Foreign Affairs Minister and North Tongu MP, Samuel Okudzeto Ablakwa, was caught fumbling with answers when he was confronted with the controversial Gitmo 2 case, virtually accusing the Attorney General of misleading President John Dramani Mahama into accepting the U.S. deportees without parliamentary approval.

His remarks follow fresh criticism of the government’s recent decision to accept deportees from the United States under a Memorandum of Understanding (MoU) — an arrangement critics say should have gone before Parliament for ratification.

Background: The Gitmo 2 Controversy

In January 2016, Ghana agreed to host two Yemeni ex-detainees from the U.S. detention facility at Guantanamo Bay — Mahmud Umar Muhammad Bin Atef and Khalid Muhammad Salih Al-Dhuby.

The Mahama administration described the move as a humanitarian act, stressing that the men posed no security threat.

However, the decision sparked national uproar.

Civil society groups, opposition politicians, and private citizens filed a lawsuit, arguing that the transfer was unconstitutional because Article 75 of the 1992 Constitution requires all international agreements binding Ghana to be ratified by Parliament.

At the time, Dr. Dominic Ayine — then Deputy Attorney General and now the current Attorney General — represented the state at the Supreme Court.

He argued that the transfer was merely an executive arrangement and did not require parliamentary approval.

But in 2017, the Supreme Court, in a landmark ruling, rejected this position. Delivering the judgment, then Chief Justice Sophia Abena Akuffo declared that:

“Upon a true and proper interpretation of Article 75 of the 1992 Constitution of Ghana, the President of the Republic of Ghana, in agreeing to the transfer of Mahmud Umar Muhammad Bin Atef and Khalid Muhammad Salih Al-Dhuby to the Republic of Ghana, required ratification by an Act of Parliament, or a resolution of Parliament supported by the votes of more than one-half of all Members of Parliament. By virtue of the failure to obtain such ratification, the agreement is unconstitutional.”

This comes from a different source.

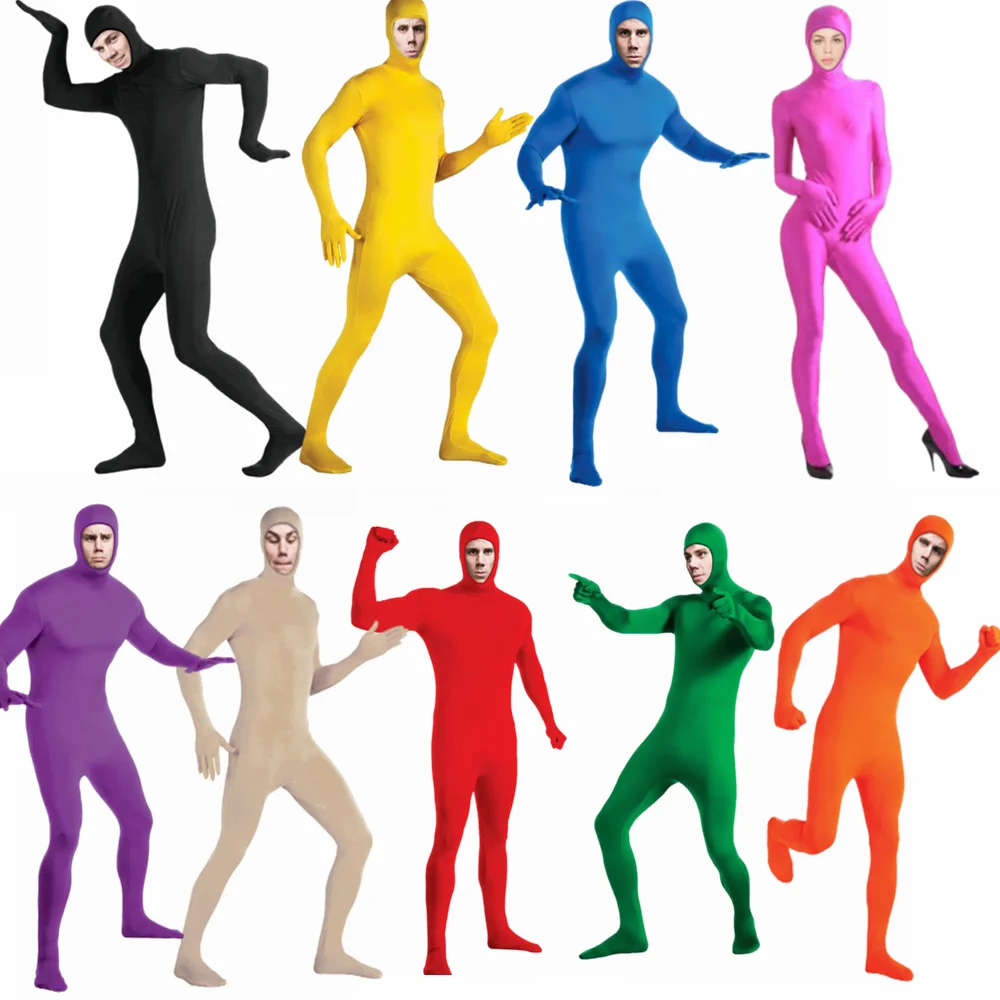 Adult Full Body Zentai Suit Costume (Any color size (170cm)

The ruling in the case Margaret Banful and Henry Nana Boakye v. The Attorney-General and Ministry of Interior set a precedent for how international agreements must be handled in Ghana.

Ablakwa’s Concerns

Speaking on Channel 1 TV’s The Point of View, the host of the programme, Bernard Avle pointed out to Okudzeto Ablakwa the Supreme Court’s decision showing that Mahama’s government had been misled by the Attorney General’s advice.

“These guys never learn,” he remarked, stressing that the Constitution does not distinguish between treaties, MoUs, or diplomatic notes when they impose binding obligations between states.

“The judgment was very clear on the Guantanamo case. Whatever name you give it — whether treaty, agreement, or MoU — once two countries agree on something that binds them, it requires parliamentary ratification. Only one judge dissented; it was a majority decision,” the host Bernard Avle noted.

He expressed surprise that government officials continue to argue that MoUs do not need parliamentary scrutiny, especially given the legal clarity provided by the Gitmo 2 ruling.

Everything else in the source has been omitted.